▸ **Entries shown**:

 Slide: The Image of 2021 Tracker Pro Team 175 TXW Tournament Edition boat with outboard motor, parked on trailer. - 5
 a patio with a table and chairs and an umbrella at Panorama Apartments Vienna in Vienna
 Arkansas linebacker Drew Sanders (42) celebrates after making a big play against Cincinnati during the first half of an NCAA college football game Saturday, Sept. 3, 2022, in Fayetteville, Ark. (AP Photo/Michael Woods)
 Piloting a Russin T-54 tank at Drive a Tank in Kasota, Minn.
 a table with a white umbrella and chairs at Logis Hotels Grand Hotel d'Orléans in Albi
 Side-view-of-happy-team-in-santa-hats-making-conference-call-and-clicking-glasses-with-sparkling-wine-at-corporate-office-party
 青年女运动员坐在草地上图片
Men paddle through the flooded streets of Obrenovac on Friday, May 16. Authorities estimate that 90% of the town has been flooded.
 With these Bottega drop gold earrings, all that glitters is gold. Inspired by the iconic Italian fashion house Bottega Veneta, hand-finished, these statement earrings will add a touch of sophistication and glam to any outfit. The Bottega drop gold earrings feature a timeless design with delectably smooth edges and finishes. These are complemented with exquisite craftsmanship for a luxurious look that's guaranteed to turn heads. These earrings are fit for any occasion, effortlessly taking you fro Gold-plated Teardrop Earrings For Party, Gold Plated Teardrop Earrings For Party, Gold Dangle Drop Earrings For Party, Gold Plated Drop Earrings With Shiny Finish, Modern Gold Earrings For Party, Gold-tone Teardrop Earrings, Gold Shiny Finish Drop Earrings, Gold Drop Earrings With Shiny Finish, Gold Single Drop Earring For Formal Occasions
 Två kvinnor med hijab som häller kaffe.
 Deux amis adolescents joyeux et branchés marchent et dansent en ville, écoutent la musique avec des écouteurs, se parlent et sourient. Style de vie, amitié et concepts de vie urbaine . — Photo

▸ **Exercise brief**:
Print only what lies in the material above starting at the line with "a patio with" and ending at the line with "青年女运动员坐在草地上图片", every line exactly as given.

▸ **Answer to the exercise**:
 a patio with a table and chairs and an umbrella at Panorama Apartments Vienna in Vienna
 Arkansas linebacker Drew Sanders (42) celebrates after making a big play against Cincinnati during the first half of an NCAA college football game Saturday, Sept. 3, 2022, in Fayetteville, Ark. (AP Photo/Michael Woods)
 Piloting a Russin T-54 tank at Drive a Tank in Kasota, Minn.
 a table with a white umbrella and chairs at Logis Hotels Grand Hotel d'Orléans in Albi
 Side-view-of-happy-team-in-santa-hats-making-conference-call-and-clicking-glasses-with-sparkling-wine-at-corporate-office-party
 青年女运动员坐在草地上图片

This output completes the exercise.